Radcliffe Emerson, the irascible husband of fellow archaeologist and Egyptologist Amelia Peabody, has earned the nickname "Father of Curses" -- and at Mazghunah he demonstrates why. Denied permission to dig at the pyramids of Dahshoor, he and Amelia are resigned to excavating mounds of rubble in the middle of nowhere. And there is nothing in this barren area worthy of their interest -- until an antiquities dealer is murdered in his own shop. A second sighting of a sinister stranger from the crime scene, a mysterious scrap of papyrus, and a missing mummy case have all whetted Amelia's curiosity. But when the Emersons start digging for answers in an ancient tomb, events take a darker and deadlier turn -- and there may be no surviving the very modern terrors their efforts reveal.
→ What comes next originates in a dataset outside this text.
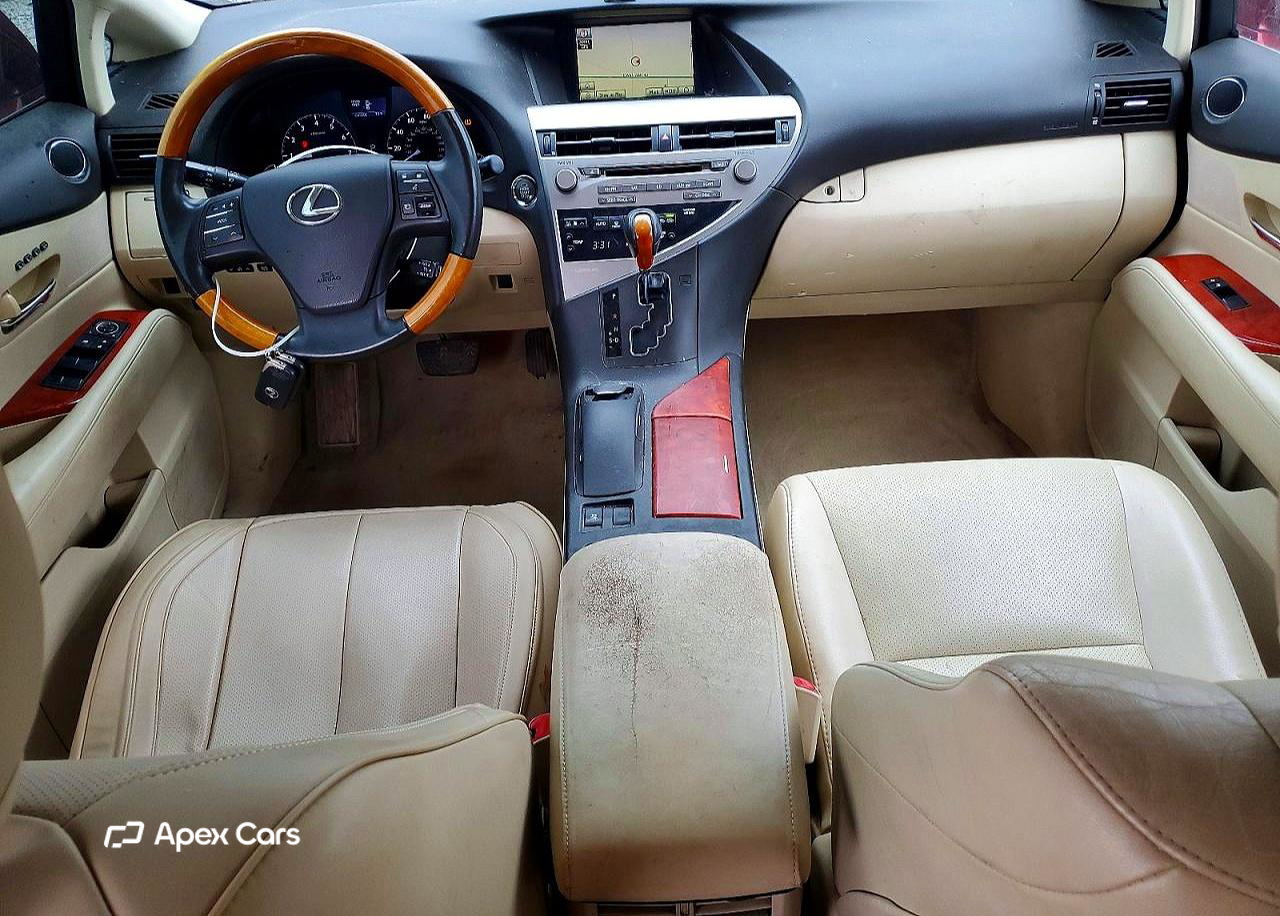 Lexus RX 2010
“Catastrophically precocious”—this is how Amelia Peabody Emerson describes her young son, Walter Emerson (better known as Ramses, for his demanding nature). Several times during this novel, a chill runs down her spine when she wonders just where her darling son is and what mischief he has found in which to embroil himself!
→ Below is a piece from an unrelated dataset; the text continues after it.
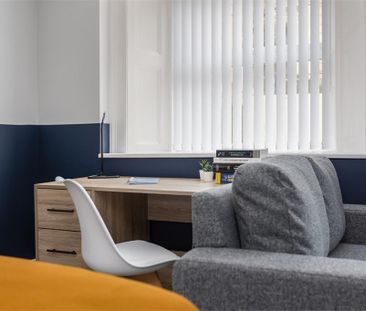 Studio to rent - Photo 4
The fact that the author herself is an Egyptologist really makes these books fun. She uses all the historical archaeologists as characters for Emerson to roar and bellow at when he is not debating archaeological issues with vicious thrust-and-parry.

I still love Amelia, armed with her parasol, seeking out clues. Ramses is lawyer-like in his reasoning, endeavouring to manoeuvre around her prohibitions. But “da cat Bastet” really steals the show in this installment—somehow I picture her as a haughty Siamese.